=== YOUR TASK ===
If an entry below holds a picture, leave the picture out and print the rest exactly.

[Captioned web image data]
- Opening Delimiter -

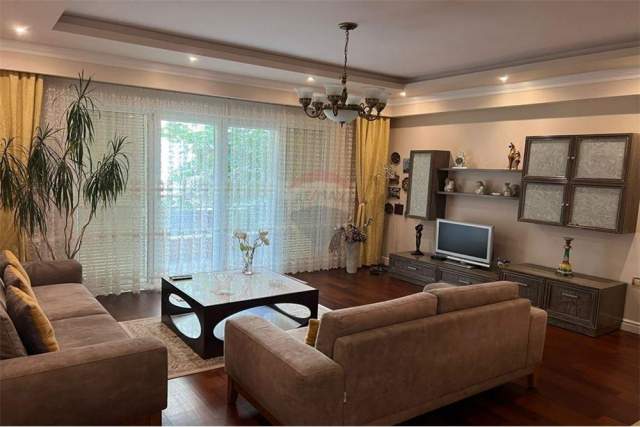 Tirane, jepet me qera apartament 2+1+A+BLK Kati 2, 127 m² 700 Euro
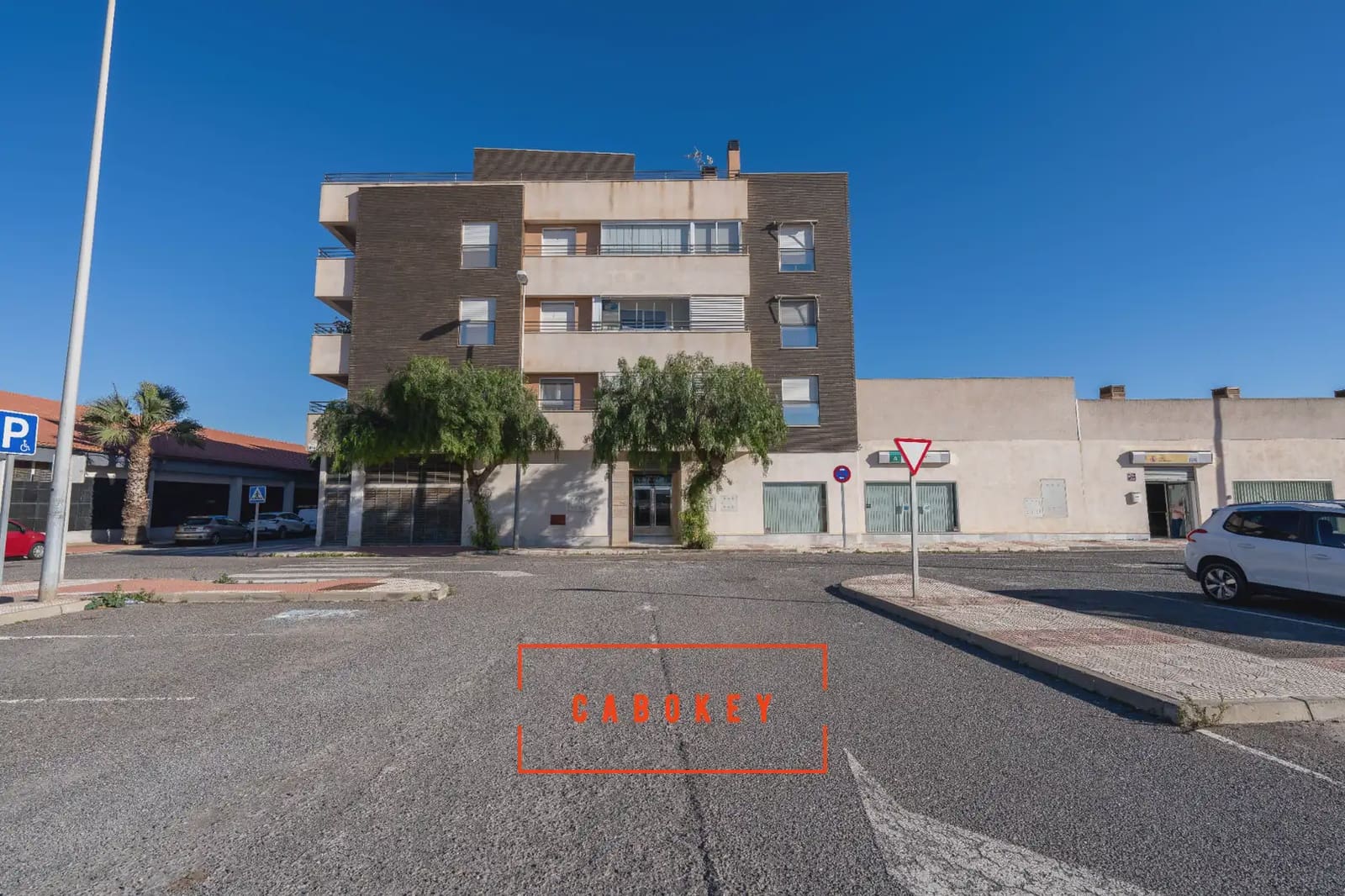 3 Zimmer Wohnung zu verkaufen in Roquetas de Mar mit Garage - 205.000 € (Ref: 10065322)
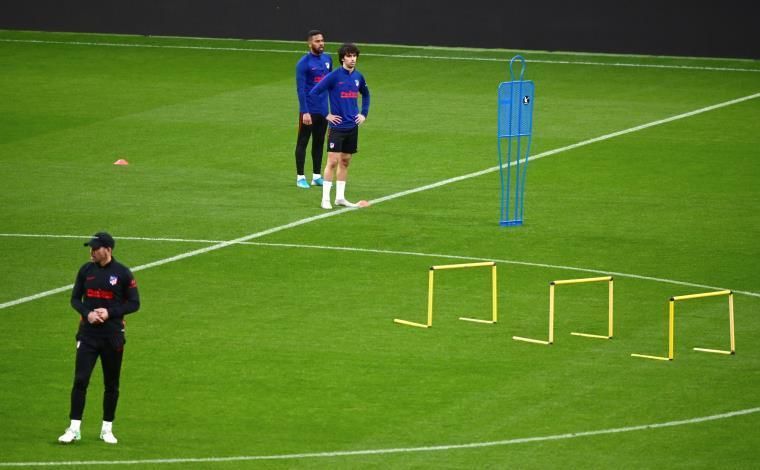 Precaución para Diego Costa; titularidad para Joao Félix y Trippier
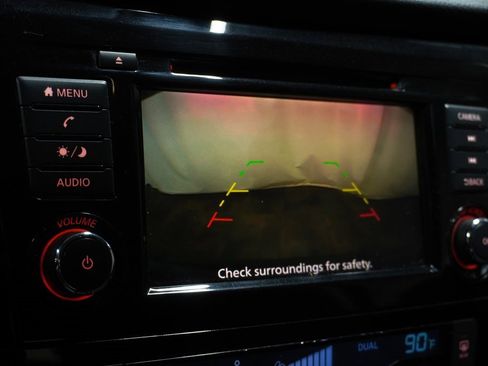 Used 2019 Nissan Rogue SV image 21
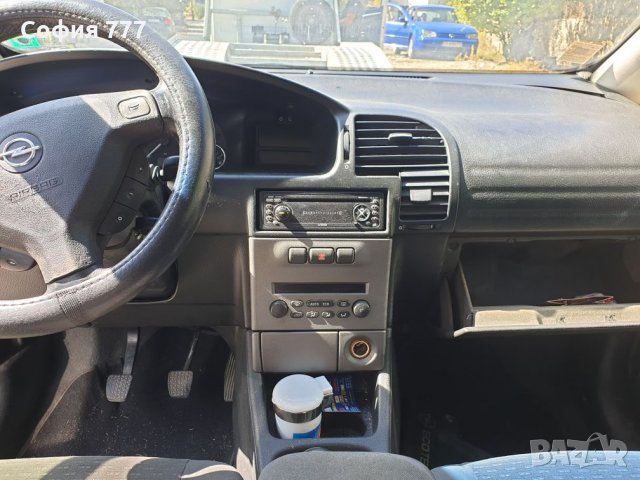 Opel Zafira 2 2. 2004 година дизел по колата всичко е налично Продава се само на части, снимка 11 - Автомобили и джипове - 26532913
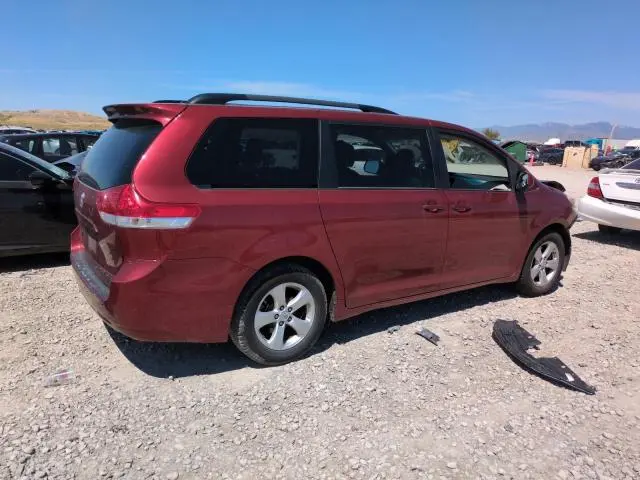 2011 TOYOTA SIENNA LE  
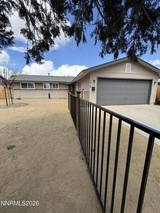 210 W Applegate Way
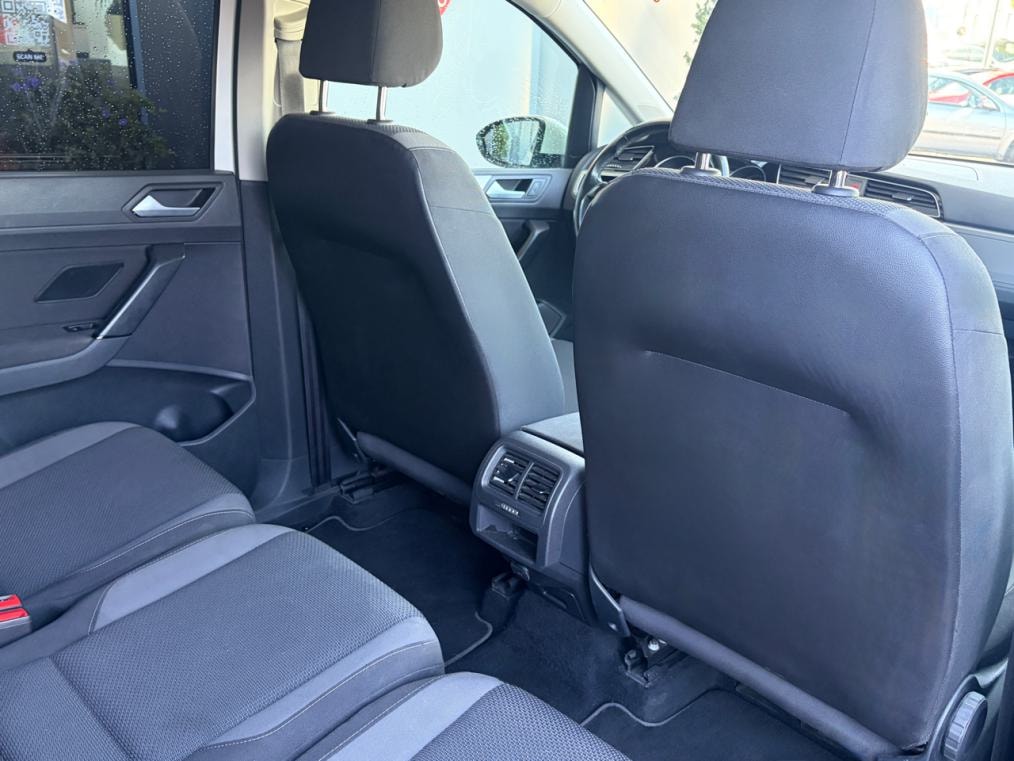 VW Touran 1.4 TSI BlueMotion Technology Trendline-image-6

- Closing Delimiter -

=== EXERCISE SOLUTION ===
 Tirane, jepet me qera apartament 2+1+A+BLK Kati 2, 127 m² 700 Euro
 3 Zimmer Wohnung zu verkaufen in Roquetas de Mar mit Garage - 205.000 € (Ref: 10065322)
 Precaución para Diego Costa; titularidad para Joao Félix y Trippier
 Used 2019 Nissan Rogue SV image 21
 Opel Zafira 2 2. 2004 година дизел по колата всичко е налично Продава се само на части, снимка 11 - Автомобили и джипове - 26532913
 2011 TOYOTA SIENNA LE  
 210 W Applegate Way
 VW Touran 1.4 TSI BlueMotion Technology Trendline-image-6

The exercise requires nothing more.